■ Data extract
● ● ● ●
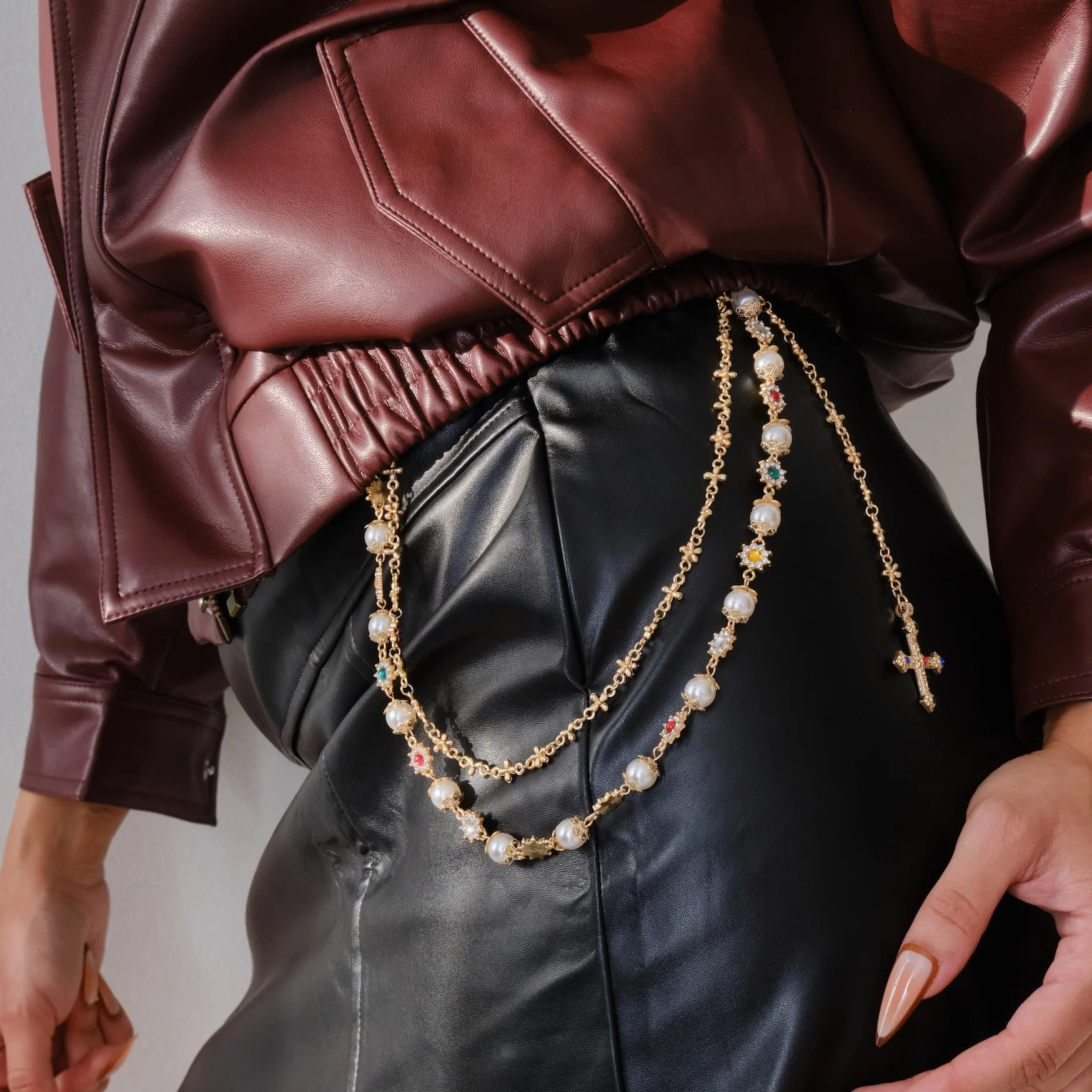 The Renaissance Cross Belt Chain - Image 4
● ● ● ●
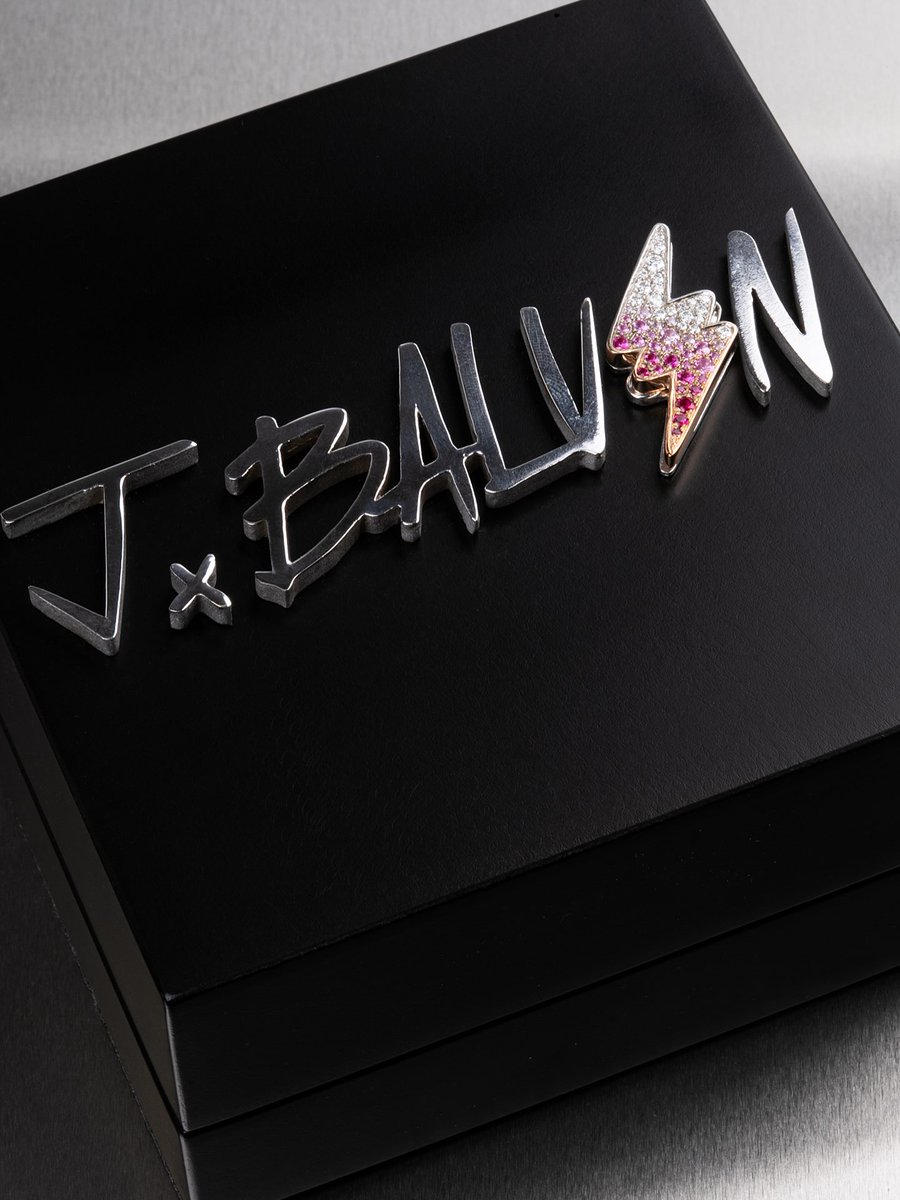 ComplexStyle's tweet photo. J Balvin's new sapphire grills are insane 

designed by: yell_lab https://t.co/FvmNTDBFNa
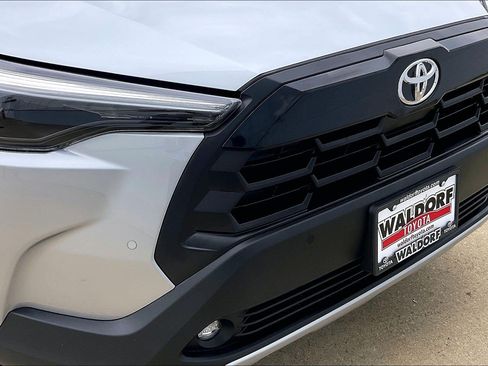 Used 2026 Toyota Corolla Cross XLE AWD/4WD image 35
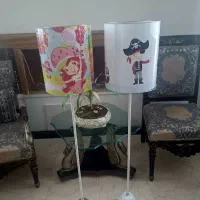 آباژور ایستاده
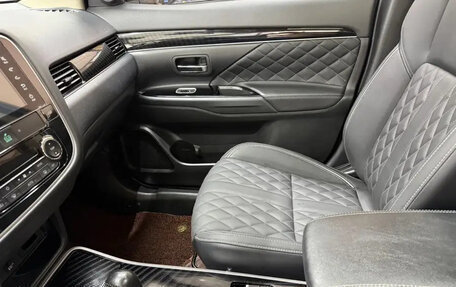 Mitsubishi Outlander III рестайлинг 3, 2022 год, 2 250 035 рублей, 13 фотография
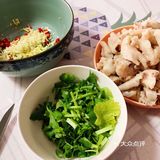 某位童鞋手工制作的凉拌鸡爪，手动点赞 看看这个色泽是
● ● ● ●
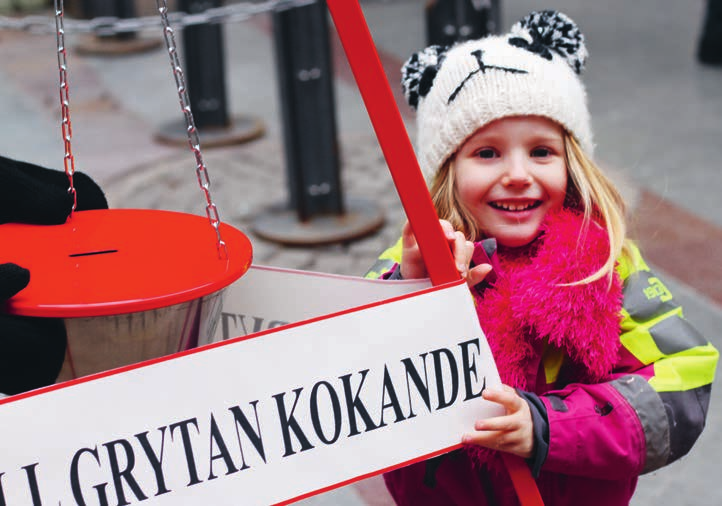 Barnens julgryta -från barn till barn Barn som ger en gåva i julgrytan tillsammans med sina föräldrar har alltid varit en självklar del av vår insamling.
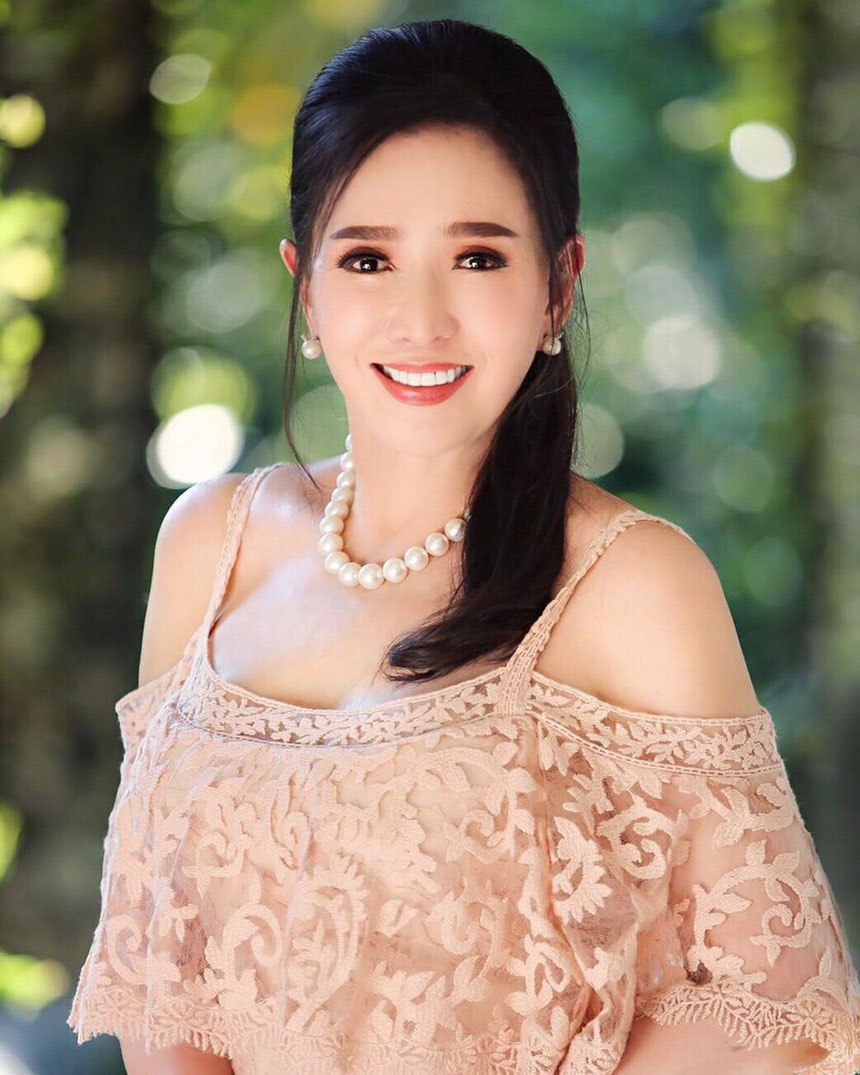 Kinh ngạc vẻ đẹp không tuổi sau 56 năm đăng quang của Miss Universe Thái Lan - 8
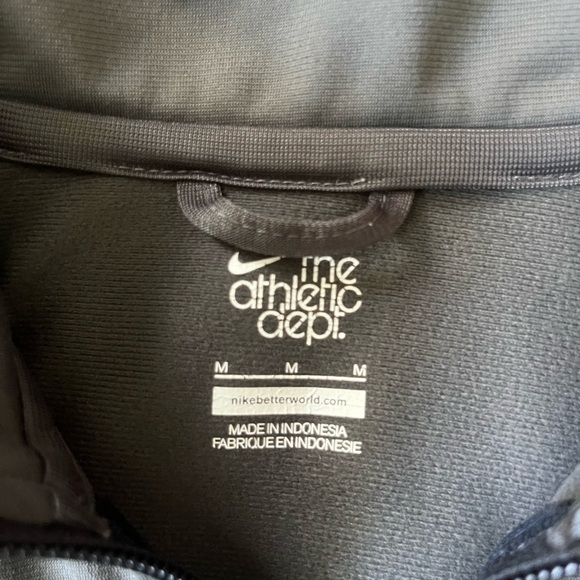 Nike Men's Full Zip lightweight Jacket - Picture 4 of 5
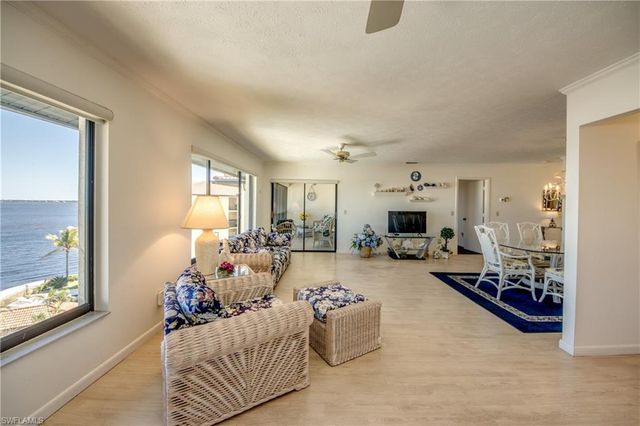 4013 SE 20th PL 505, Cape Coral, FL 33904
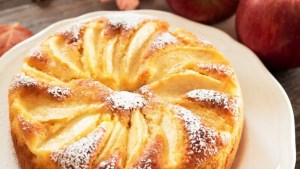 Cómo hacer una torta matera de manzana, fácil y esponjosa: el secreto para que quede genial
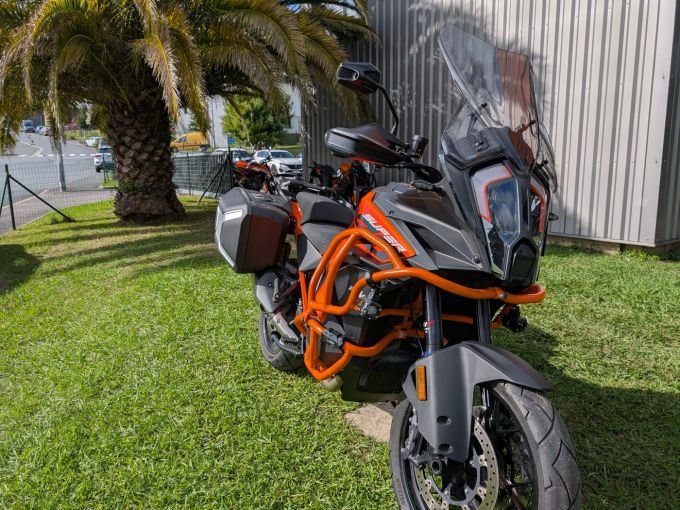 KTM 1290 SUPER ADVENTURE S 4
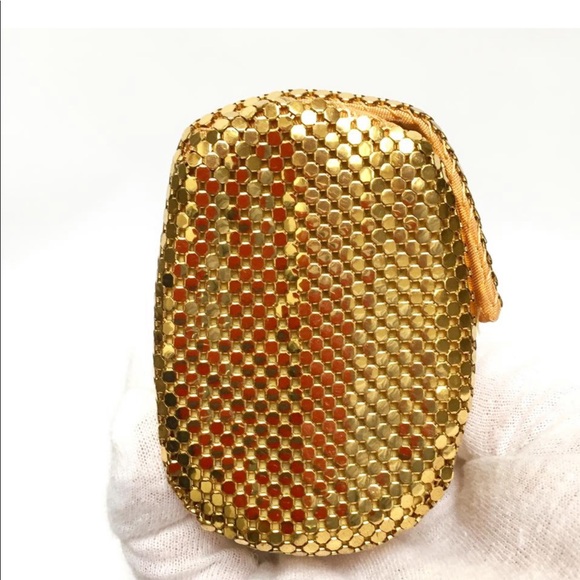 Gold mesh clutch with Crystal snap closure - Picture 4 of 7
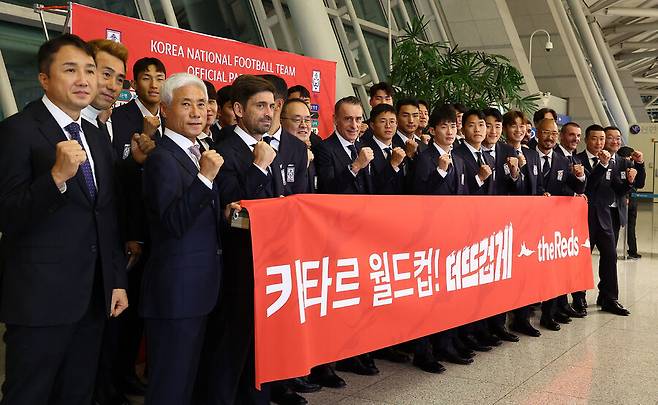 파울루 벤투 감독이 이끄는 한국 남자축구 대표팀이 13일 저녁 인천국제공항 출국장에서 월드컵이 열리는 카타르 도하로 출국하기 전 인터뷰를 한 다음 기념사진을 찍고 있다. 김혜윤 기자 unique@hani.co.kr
● ● ● ●
■ Activity
The answer must be the lines above from the one containing "Cómo hacer una" through the one containing "Gold mesh clutch", reproduced exactly, with no pictures and nothing else.

■ Exercise answer
 Cómo hacer una torta matera de manzana, fácil y esponjosa: el secreto para que quede genial
 KTM 1290 SUPER ADVENTURE S 4
 Gold mesh clutch with Crystal snap closure - Picture 4 of 7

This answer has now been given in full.